Why do many Ruskie Airliners have low wings with Anhedral?

Does that make them more maneuverable?

[edit on 26-10-2006 by PisTonZOR]

Uhh - which aircraft are you referring to in particular?


I haven't seen one with anhedral yet. If your looking at a picture of the aircraft on the ground, perhaps wing droop is making you think its got wings with anhedral

Originally posted by PisTonZOR
Why do many Ruskie Airliners have low wings with Anhedral?
Does that make them more maneuverable?

Hi, friend!
As my knowledge, that anhedral wing be stted on most Cargo or Passenger aircraft just is in order to defend that boundary layer rolling up to wing, if boundary layer get upward to wing that will be dicrease the lift that wing given. Also anhedral can not stop the phnomenon completely, so you can see there is small vertical wing usually be stted on wingtip, thus also for the same reason.
Cheers

I have more questions about the dynamics design for Fighter.

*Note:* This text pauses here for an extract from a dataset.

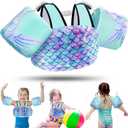 Vvinca Separable Toddler Swim Vest Fit 22-66 Lbs2-6 Years| 3 in 1 Toddler Floaties Pool Float & Arm Bands Boys and Girls, Adjustable Sturdy Safety for 2 3 4 5 6 Year (C-Mermaid Scale)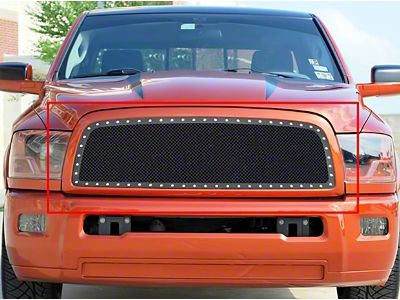 Stainless Steel Rivet Upper Grille Insert; Black (10-12 RAM 2500)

1) I knew what is flaperon and what is aileron, but yesterday, I saw a cutaway of a fighter, that the place where other cutaway show in should be flaperon wherease showing as elevon. So what is elevon? What's the different between elevon and flaperon or aileron.

2) What the different effection between leading-edge slat and leading-edge flap? The leading-edge flap seem to be used by F-16, the leading-edge slat surely be used Mirage2000

3) I looked around recent generation fighter, then found only F-16 and Su-27 only be designed as no aileron, whereas others has. I got strong sillness why such high maneuverability fighter has less control rudder planes then others? Think anout MiG-1.44 has so many moving plane to gain over maneuverability, which give me profound image.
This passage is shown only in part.